_WHAT YOU WILL DO_. Please restate the listing word for word, omitting the images.

_SUPPLIED DATA_.
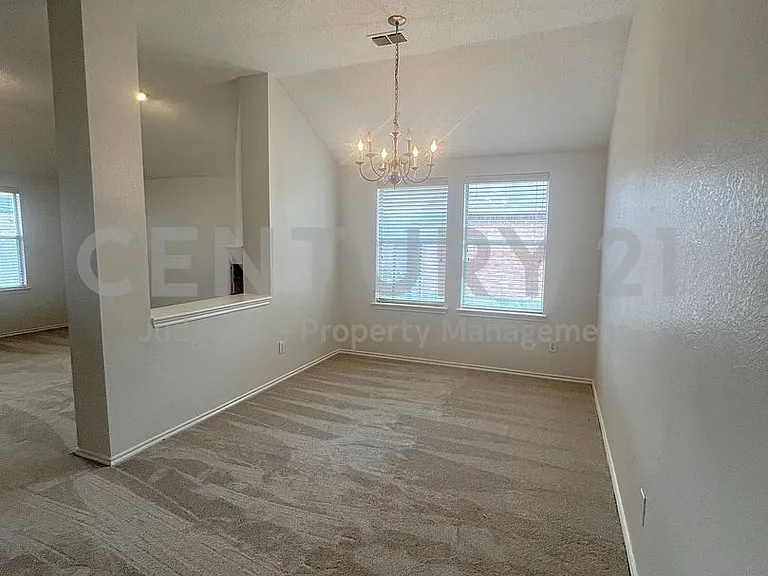 1616 Logan Dr — Photo 12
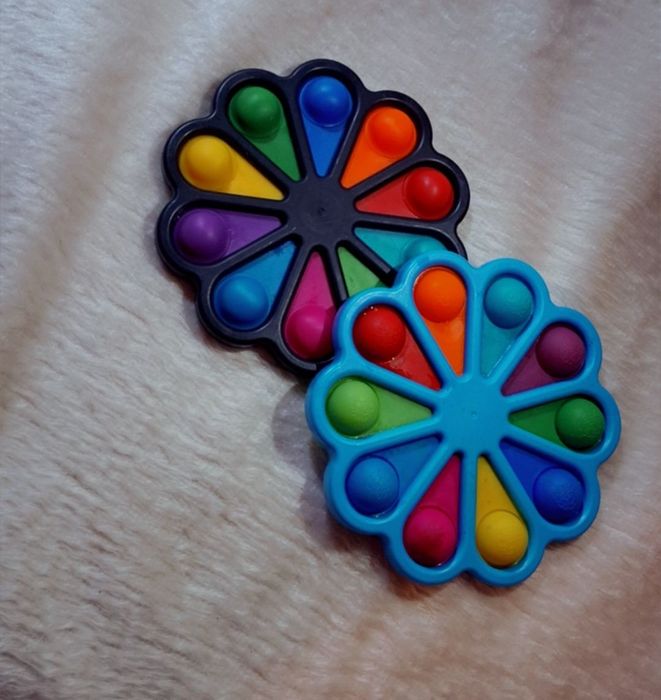 Голями симпъл димпали от 10 до 16 лв фиджет играчки .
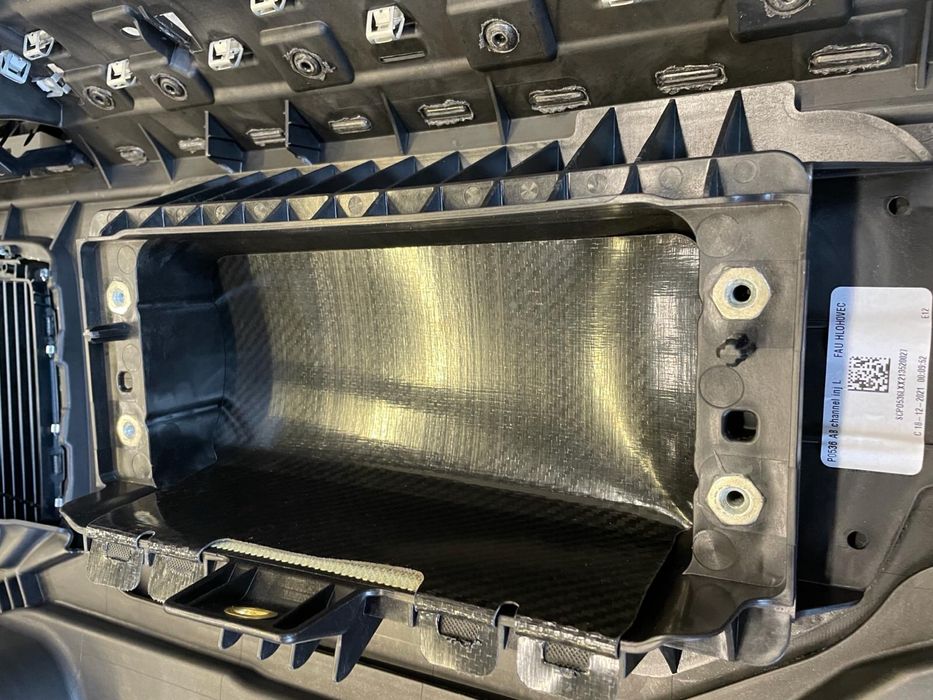 Plansa bord porsche cayenne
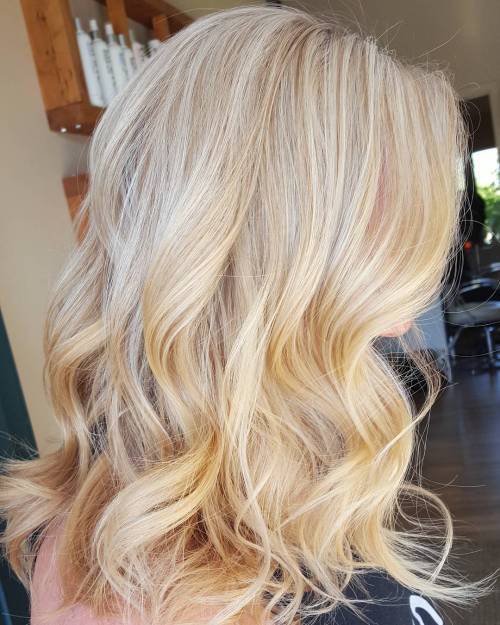 Blondes Haar mit Gloss Smudging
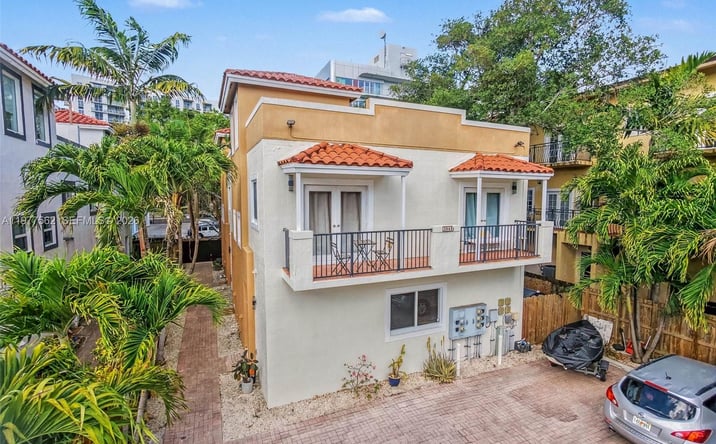 Pictures of Multifamily property located at 2945 Coconut Ave, Miami, FL 33133 for sales - image #1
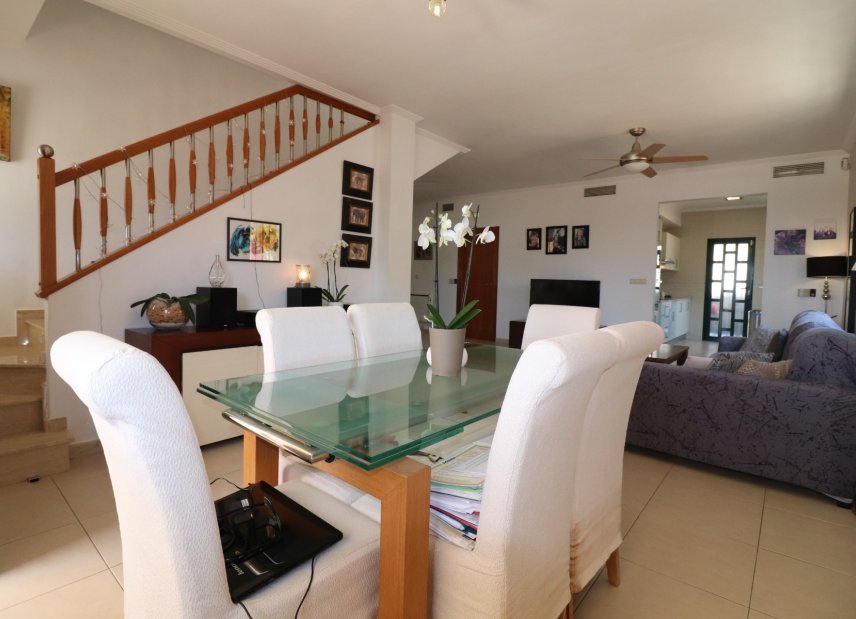 Reventa - Villa -
Ciudad Quesada - La Fiesta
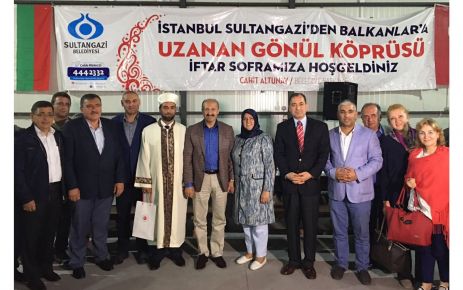 Sultangazi Belediyesi, Balkanlar’da iftar ve gönül sofraları kuruyor. İlk iftar
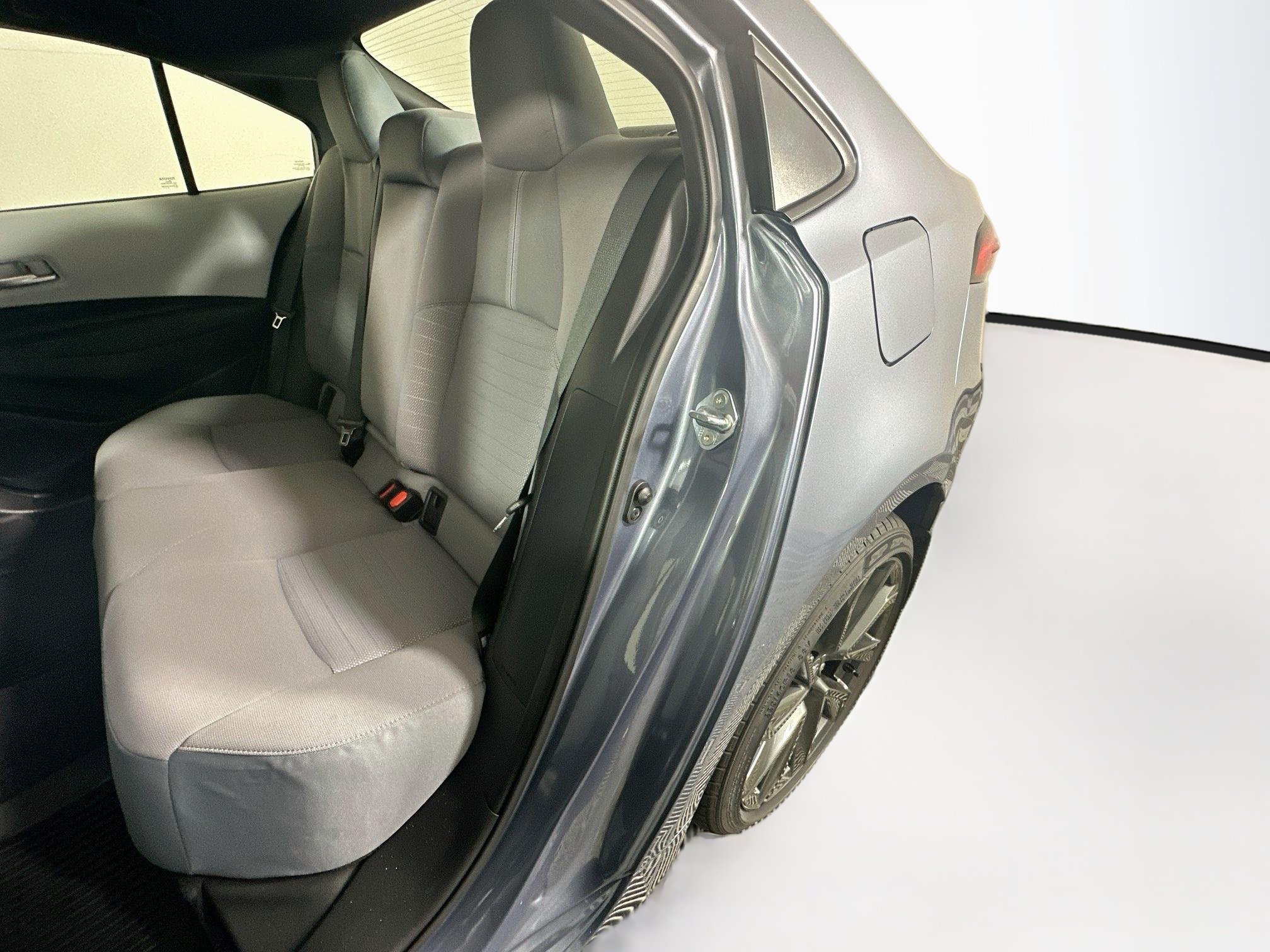 Certified 2025 Toyota Corolla SE FWD image 26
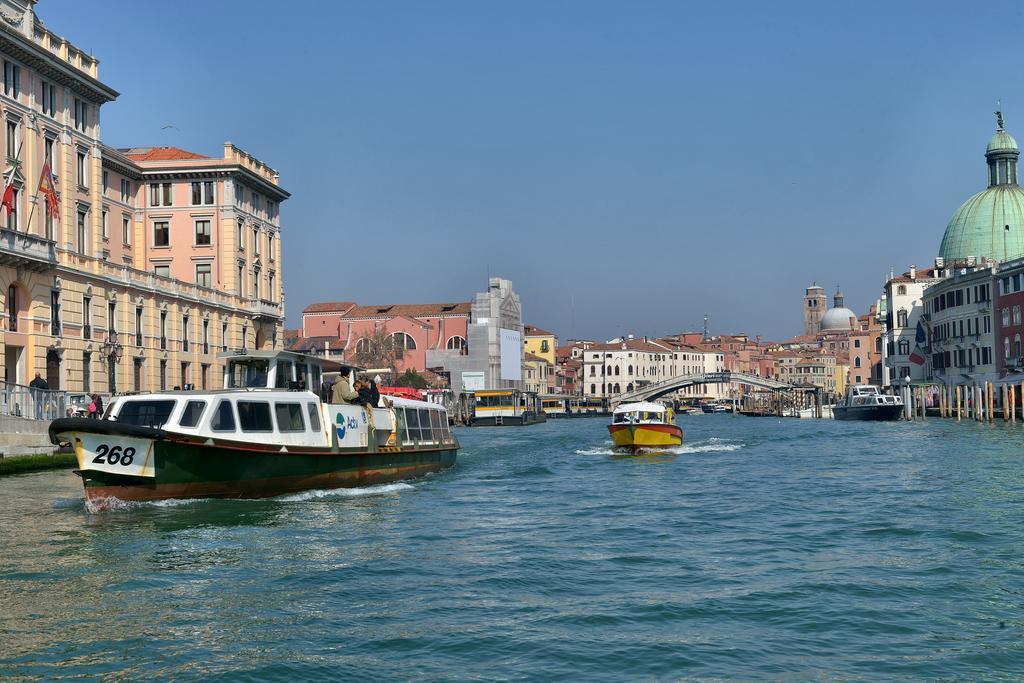 Residenza Ruga Giuffa Castello  Luaran gambar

_SOLUTION TO THE PROBLEM_.
 1616 Logan Dr — Photo 12
 Голями симпъл димпали от 10 до 16 лв фиджет играчки .
 Plansa bord porsche cayenne
 Blondes Haar mit Gloss Smudging
 Pictures of Multifamily property located at 2945 Coconut Ave, Miami, FL 33133 for sales - image #1
 Reventa - Villa -
Ciudad Quesada - La Fiesta
 Sultangazi Belediyesi, Balkanlar’da iftar ve gönül sofraları kuruyor. İlk iftar
 Certified 2025 Toyota Corolla SE FWD image 26
 Residenza Ruga Giuffa Castello  Luaran gambar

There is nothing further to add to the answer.